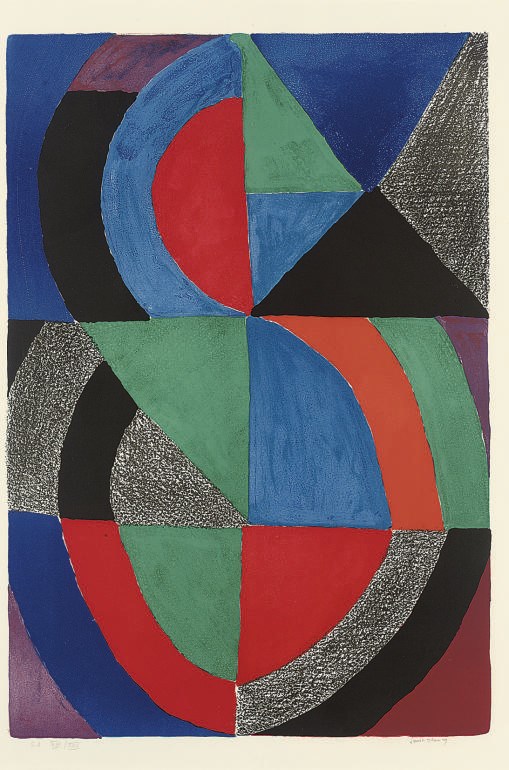 Sonia Delaunay (1884-1979)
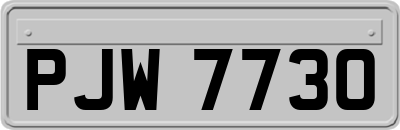 PJW7730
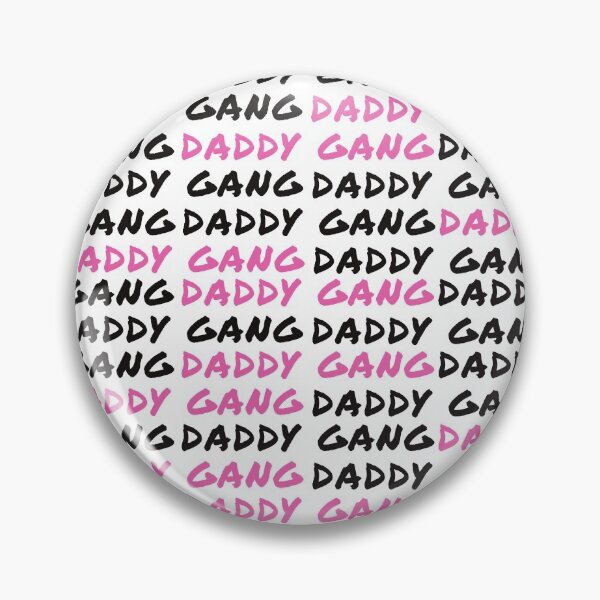Item preview, Daddy Gang Design designed and sold by cherryblue.
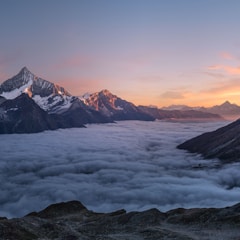 Mountain landscape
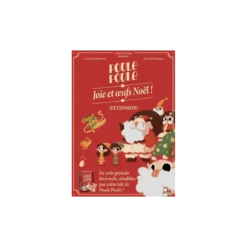 Poule Poule : Joie et œufs Noël ! - Extension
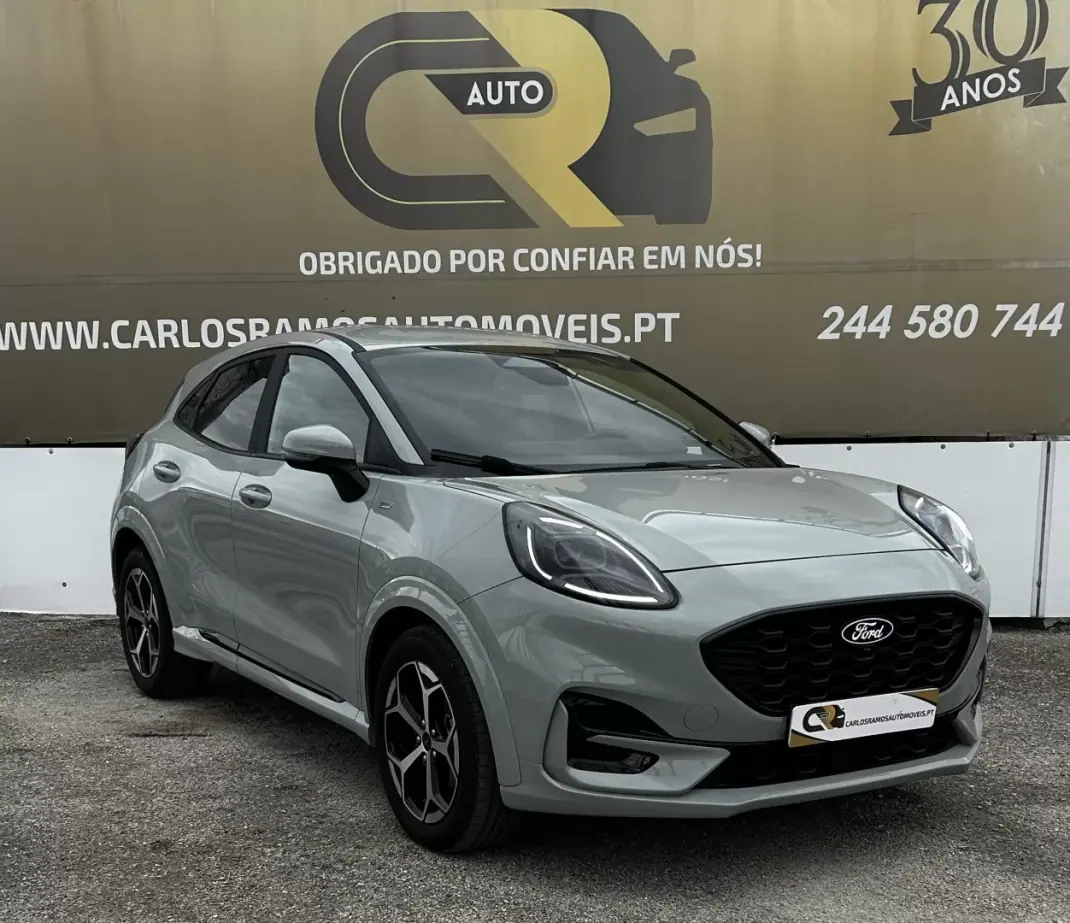 Ford Puma 2025 - 24400 EUR, 18912 km - AUTO.MOTO.pt - 18912km - foto 1 de 12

########

- YOUR ASSIGNMENT: Apart from the pictures, return the records exactly.

- RESPONSE BOX:
 Sonia Delaunay (1884-1979)
 PJW7730
Item preview, Daddy Gang Design designed and sold by cherryblue.
 Mountain landscape
 Poule Poule : Joie et œufs Noël ! - Extension
 Ford Puma 2025 - 24400 EUR, 18912 km - AUTO.MOTO.pt - 18912km - foto 1 de 12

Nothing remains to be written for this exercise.